Preventing Shaken Baby Syndrome: Evaluation of a Multiple-Setting Program

Chelsy Foulk, SN

Most serious head injuries, specifically in infants under the age of 1, are attributed to child abuse (Harvard Medical School, 2013). This is undeniably a significant problem needing prevention. Shaken baby syndrome is a subset of abusive head trauma that holds significant consequences to the child long after the event itself.
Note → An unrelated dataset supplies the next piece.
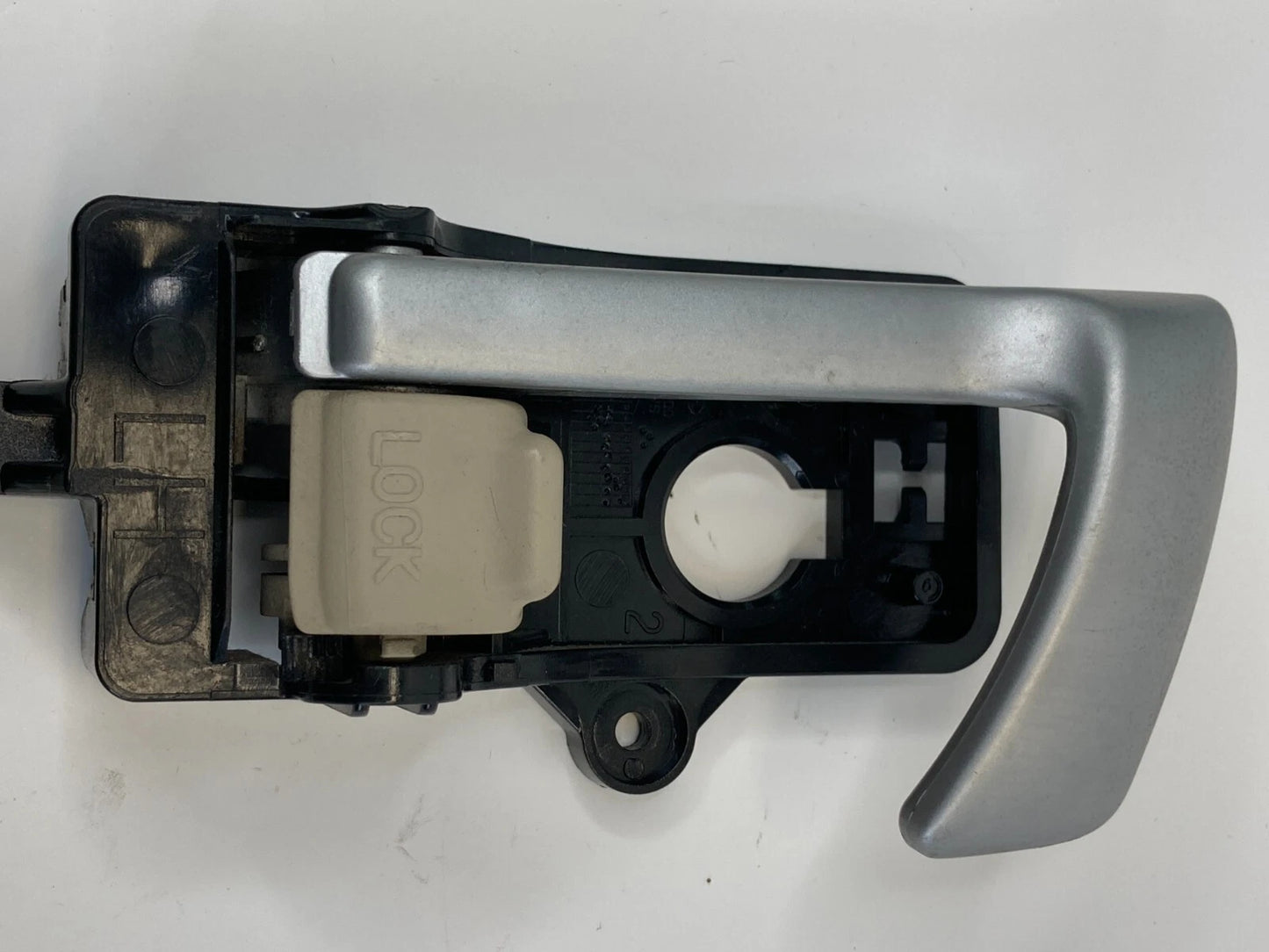 2007-2009 HYUNDAI SANTA FE REAR LEFT BACK INTERIOR INNER DOOR HANDLE ASSY OEM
Shaken baby syndrome is defined as a severe form of child abuse caused by violently shaking an infant. It can occur in as little as 5 seconds of shaking. Damage that occurs includes bruising of the brain, swelling, pressure, and bleeding. Other injuries include damage to the neck, spine, and eyes. Consequences could be permanent brain damage or death. (Medlineplus, 2018)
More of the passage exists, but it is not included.